▸ Data provided:

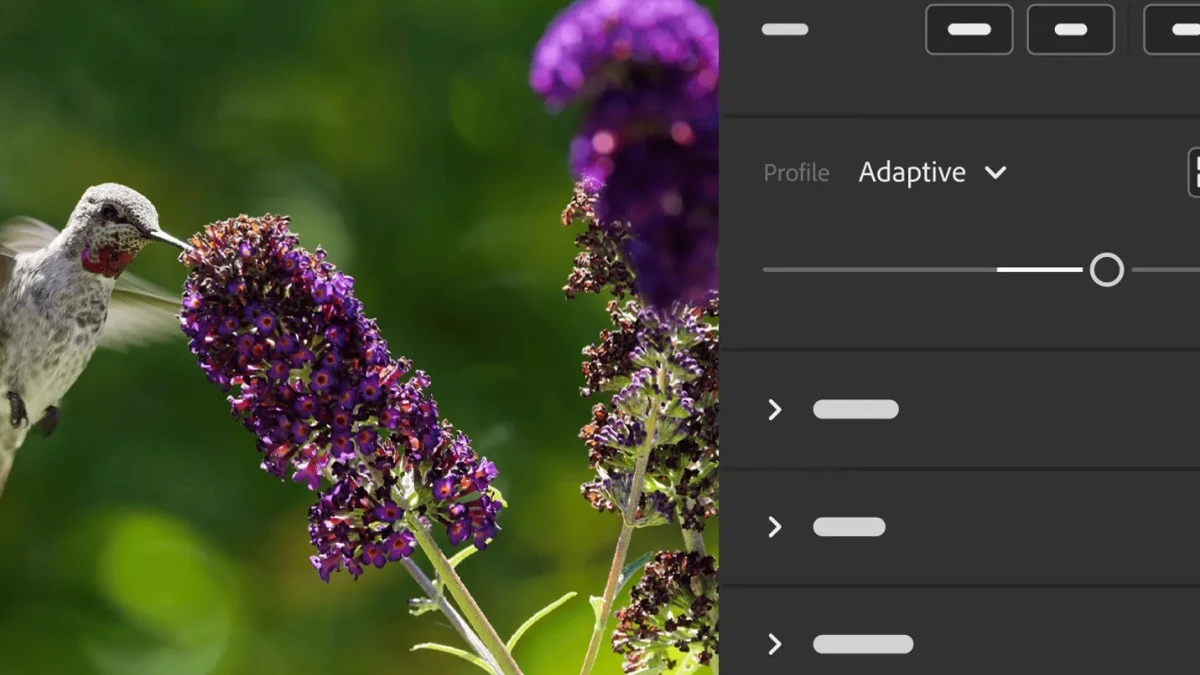 Adobe Lightroom z kolejnymi funkcjami AI. Pozwolą Ci zaoszczędzić sporo czasu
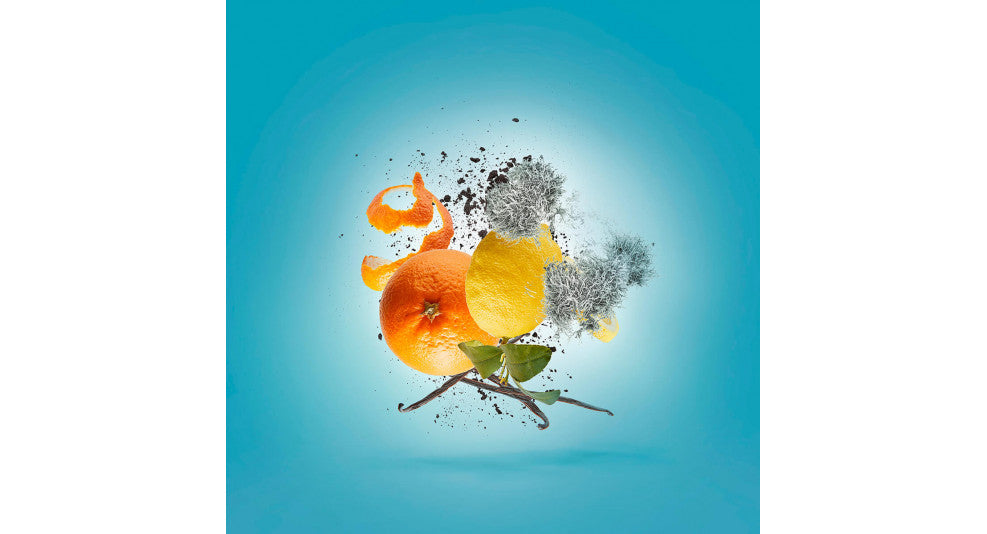 An arrangement of an orange peel, lemon peel, tree branch, lichen, and soil evokes the essence of Erba Pura by Xerjoff against a bright blue background.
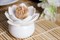 Держатель для зубочисток lotus белый - фото 358366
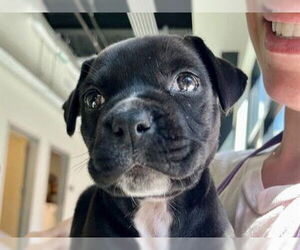 Medium American Pit Bull Terrier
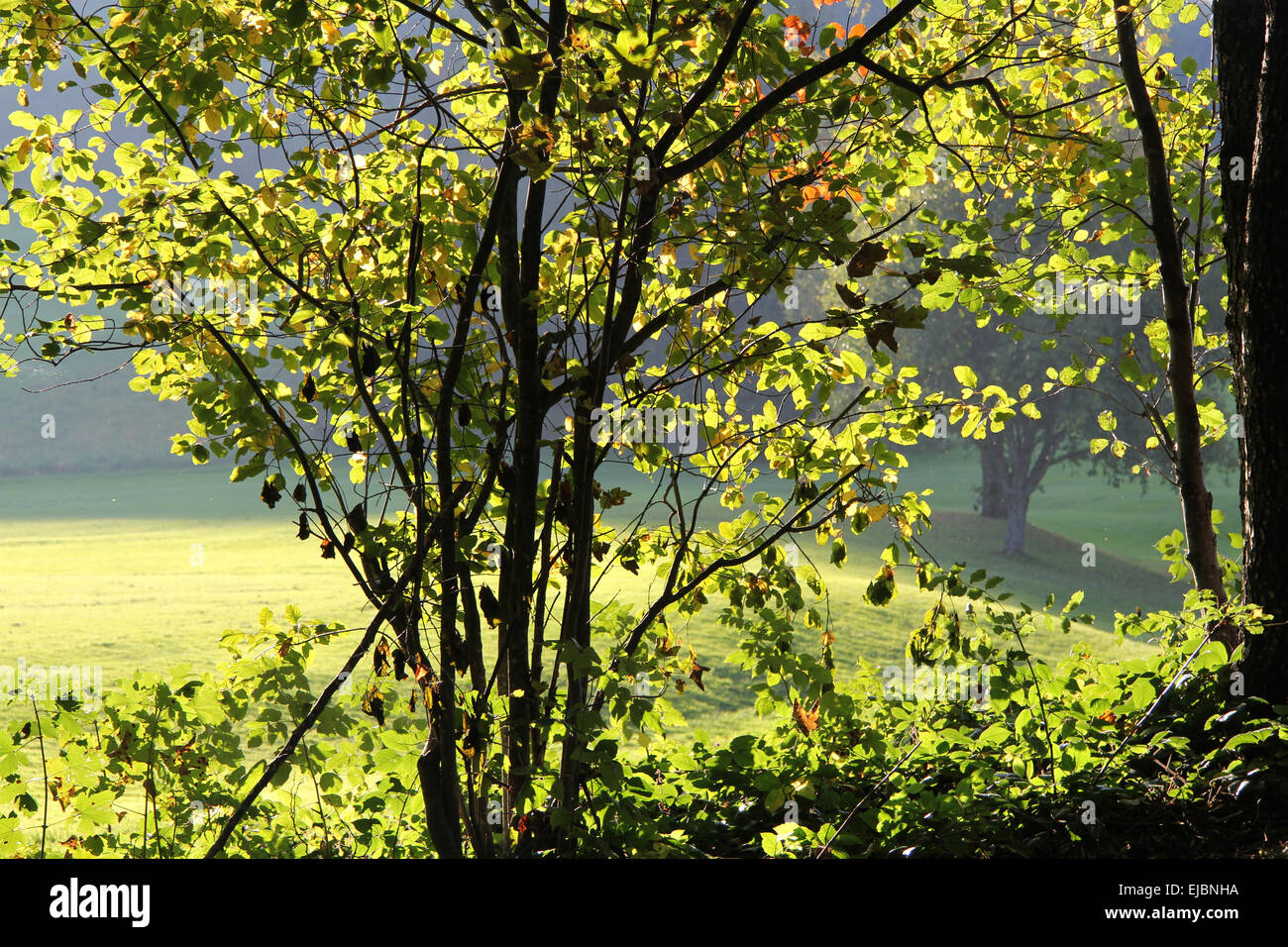 Gebüsch in die goldene Abend Hintergrundbeleuchtung Stockfoto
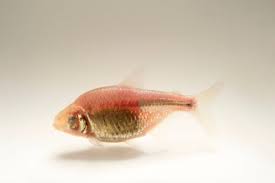 Attēlu rezultāti vaicājumam “Tetratoma ancora”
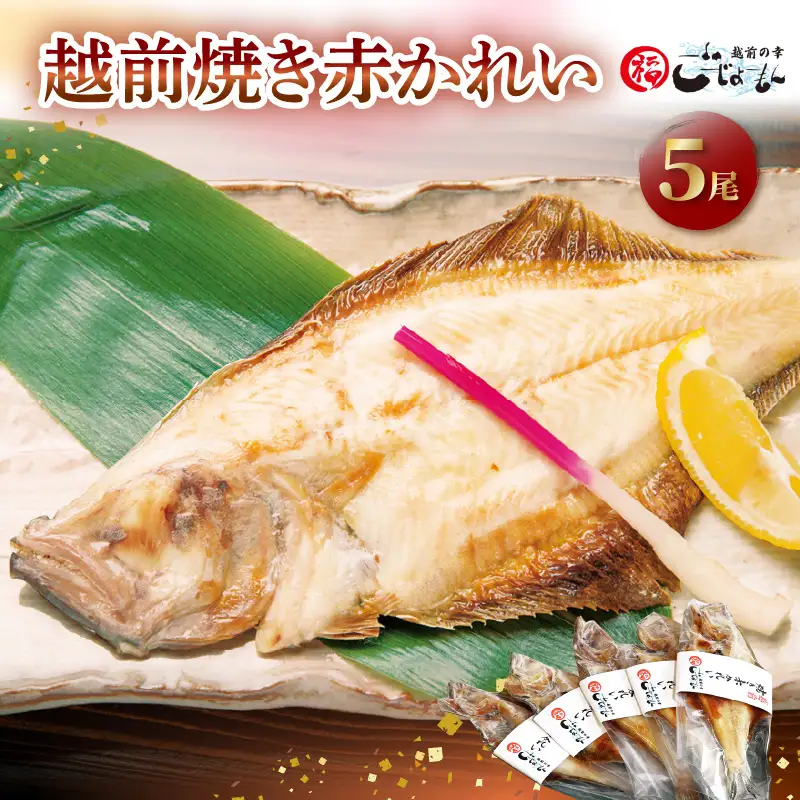 【温めるだけ！焼き調理済み】 国産干物  越前赤かれい 5尾  焼きカレイ 干物 干物 干物 干物 干物  [e15-a006]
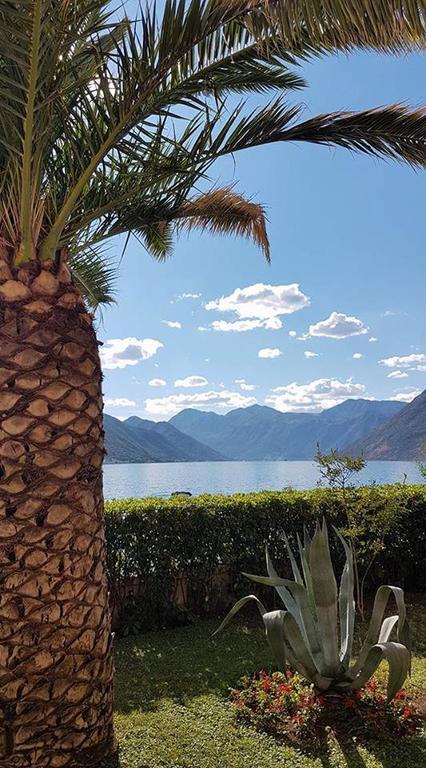 Apartment Maniva Kotor Eksteriør bilde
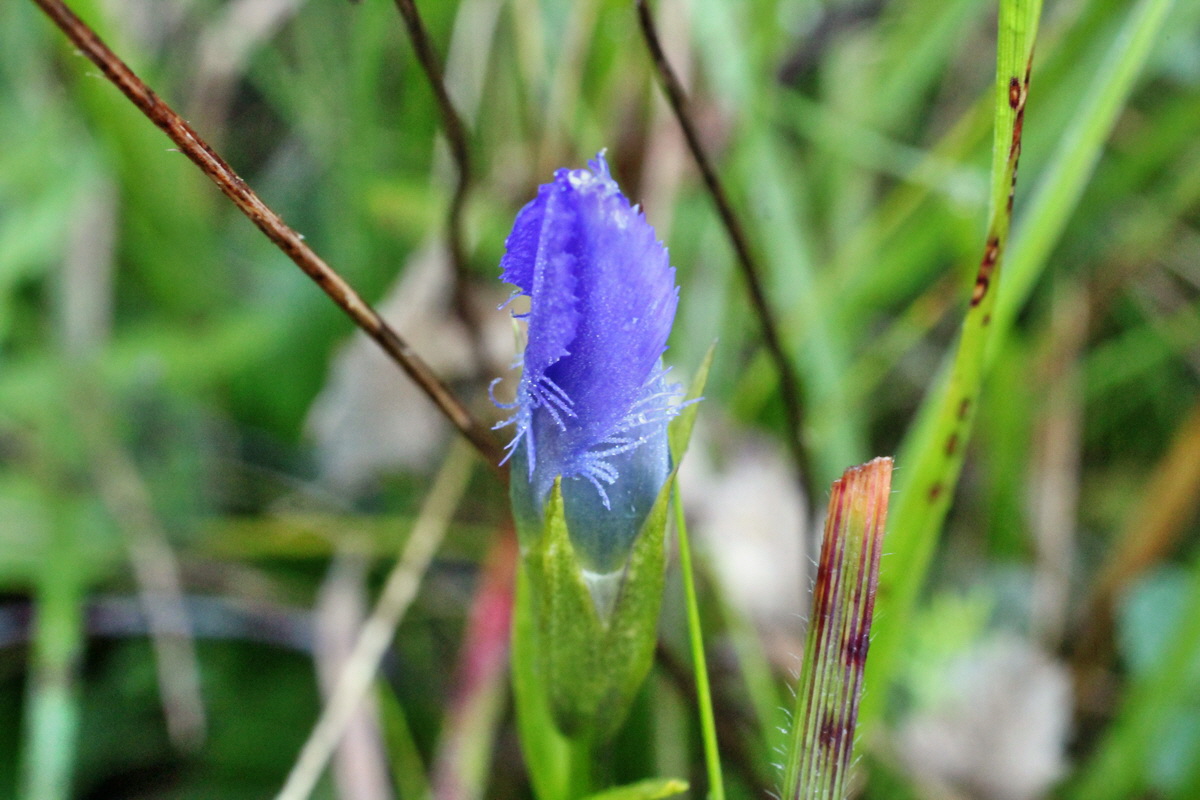 2014_08_25_00050079p_Bildgr��e �ndern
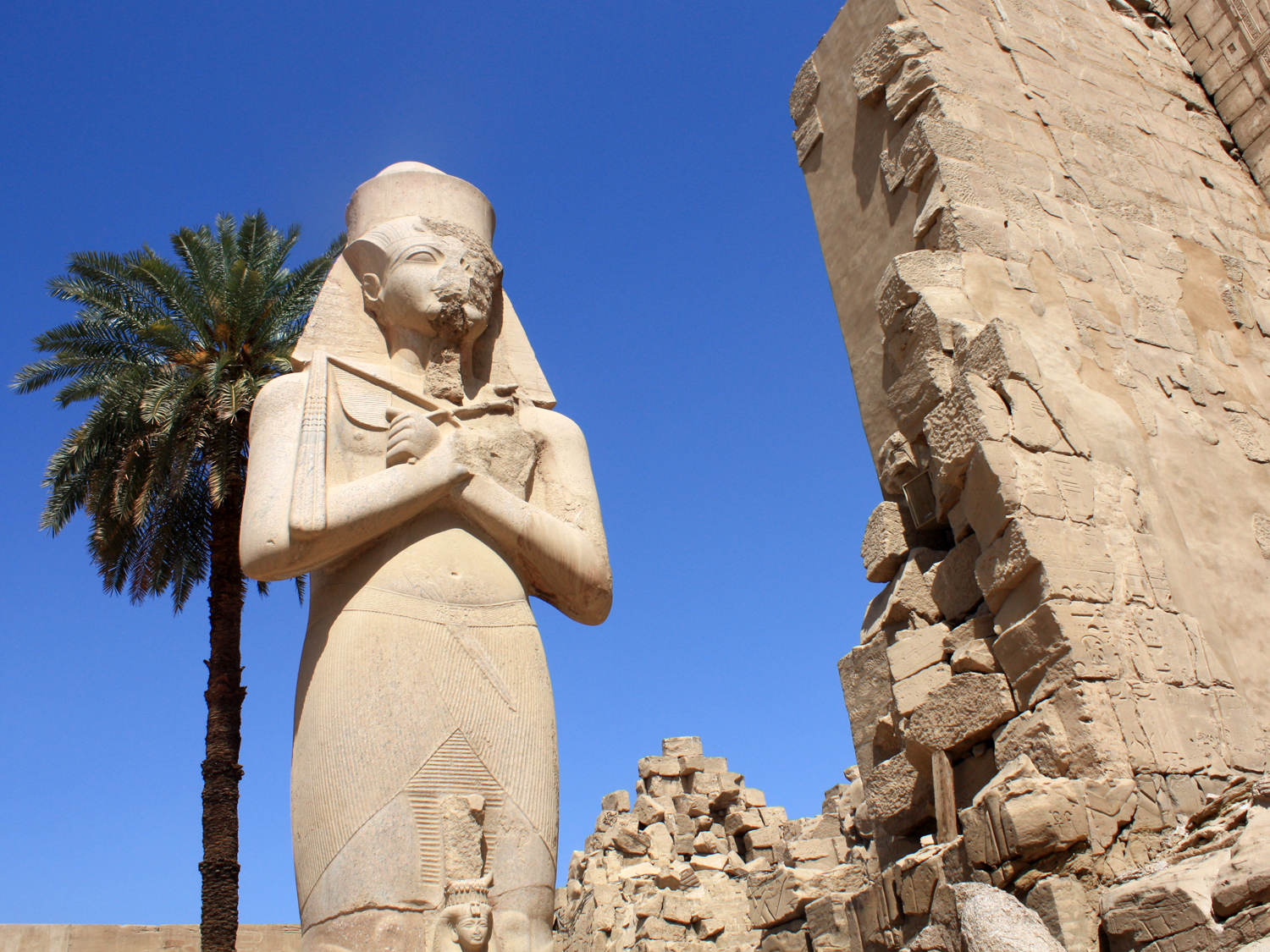 New Post Emergency Resources for Egypt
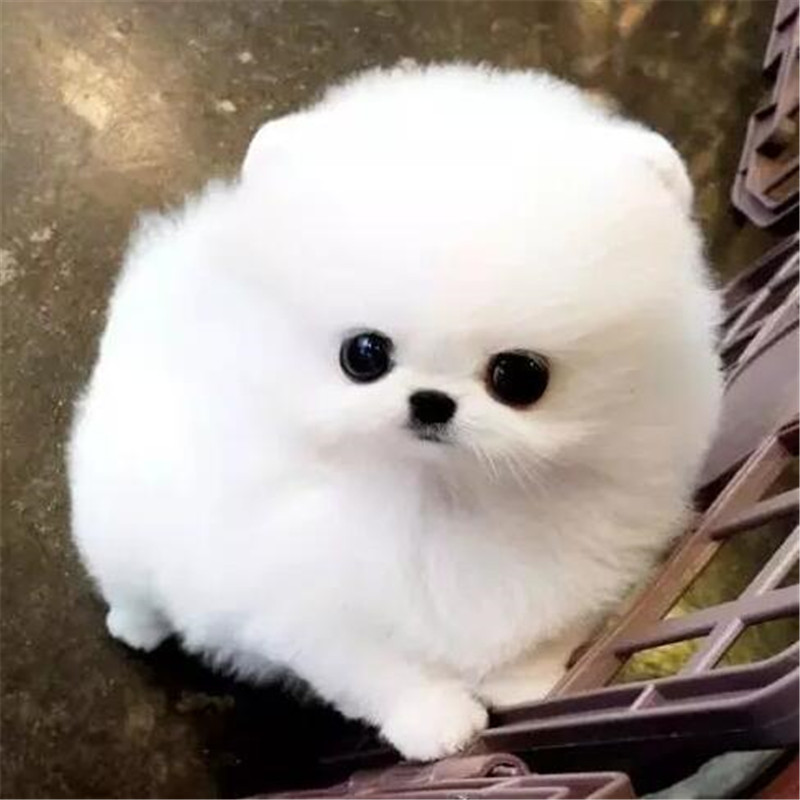 出售纯种博美犬幼犬活体长不大茶杯犬博美俊介小型犬家养宠物狗狗|ruв категории животное/Животное питание и принадлежностей, Пэт жизнь услуг, подготовки, Пэт - от Buy2taobao.com для оказания профессиональной услуги покупки агента Taobao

▸ Action item: Write out, exactly as they appear, the lines from the one containing "Attēlu rezultāti vaicājumam" through the end of the material above, excluding pictures.

▸ Answer for this exercise:
 Attēlu rezultāti vaicājumam “Tetratoma ancora”
 【温めるだけ！焼き調理済み】 国産干物  越前赤かれい 5尾  焼きカレイ 干物 干物 干物 干物 干物  [e15-a006]
 Apartment Maniva Kotor Eksteriør bilde
 2014_08_25_00050079p_Bildgr��e �ndern
 New Post Emergency Resources for Egypt
 出售纯种博美犬幼犬活体长不大茶杯犬博美俊介小型犬家养宠物狗狗|ruв категории животное/Животное питание и принадлежностей, Пэт жизнь услуг, подготовки, Пэт - от Buy2taobao.com для оказания профессиональной услуги покупки агента Taobao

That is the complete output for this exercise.